_THE DATA_:
**********
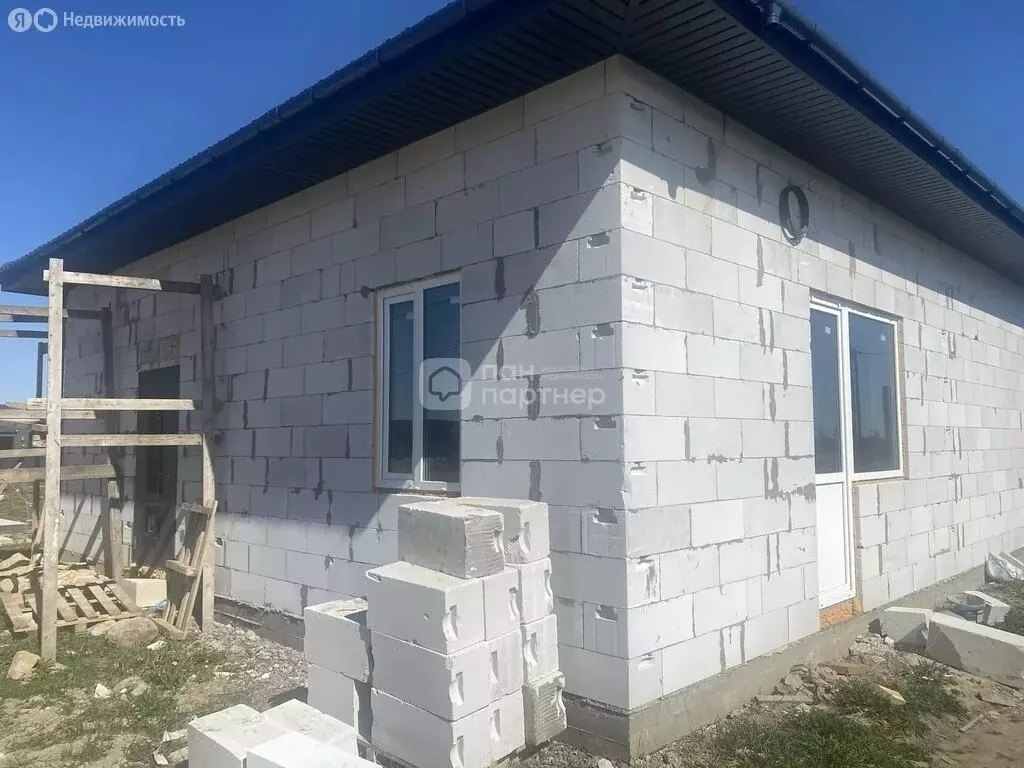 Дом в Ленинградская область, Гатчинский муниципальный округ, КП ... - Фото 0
**********
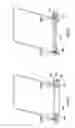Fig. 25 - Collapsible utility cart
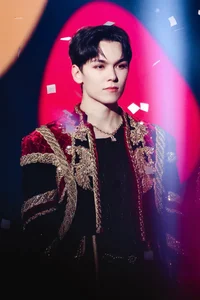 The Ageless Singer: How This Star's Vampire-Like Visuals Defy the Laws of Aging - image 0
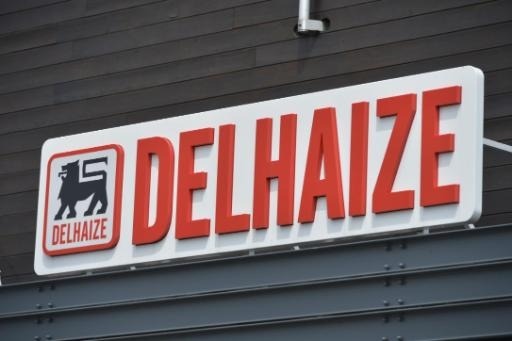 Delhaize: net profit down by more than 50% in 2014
**********
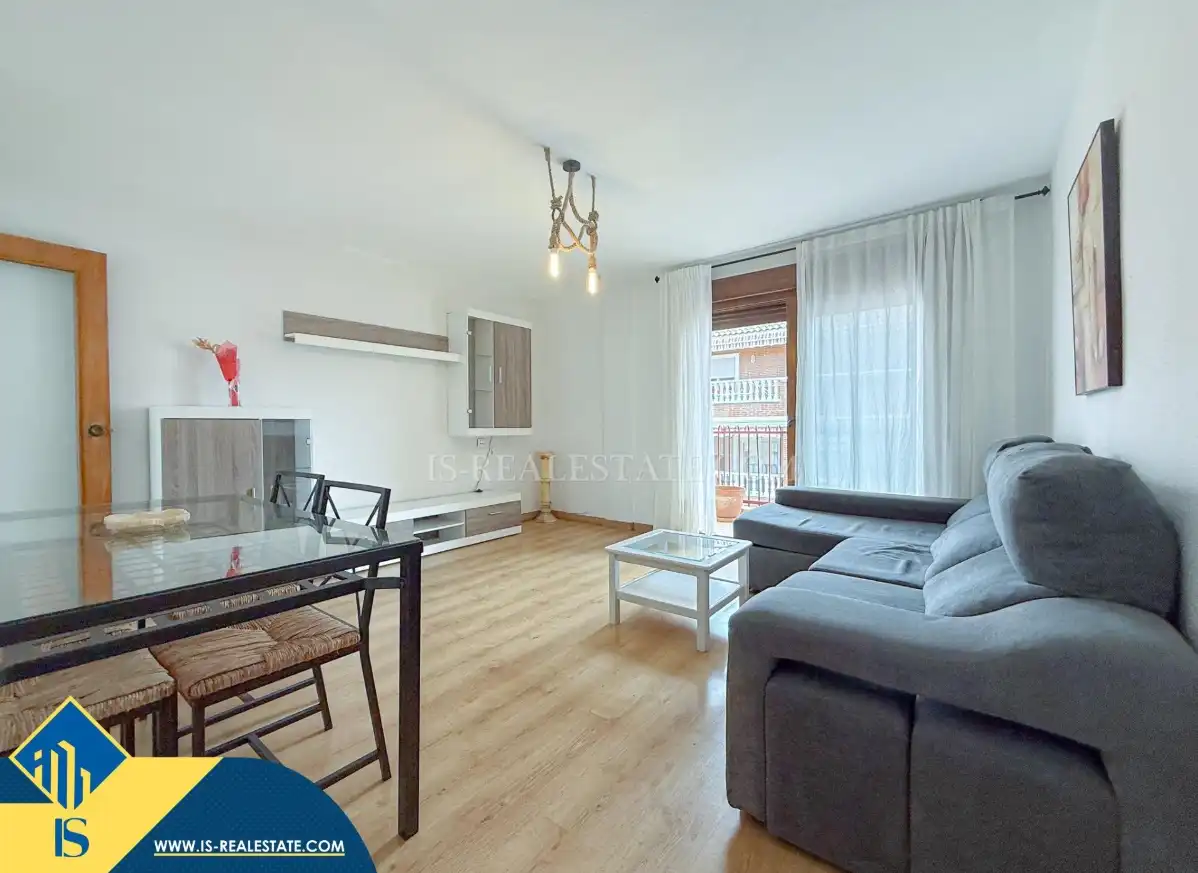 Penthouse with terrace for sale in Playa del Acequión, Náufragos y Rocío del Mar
**********
Copy only the lines above from the one containing "Fig. 25 - Collapsible utility cart" through the one containing "Delhaize: net profit", both included. Leave out the pictures.

Fig. 25 - Collapsible utility cart
 The Ageless Singer: How This Star's Vampire-Like Visuals Defy the Laws of Aging - image 0
 Delhaize: net profit down by more than 50% in 2014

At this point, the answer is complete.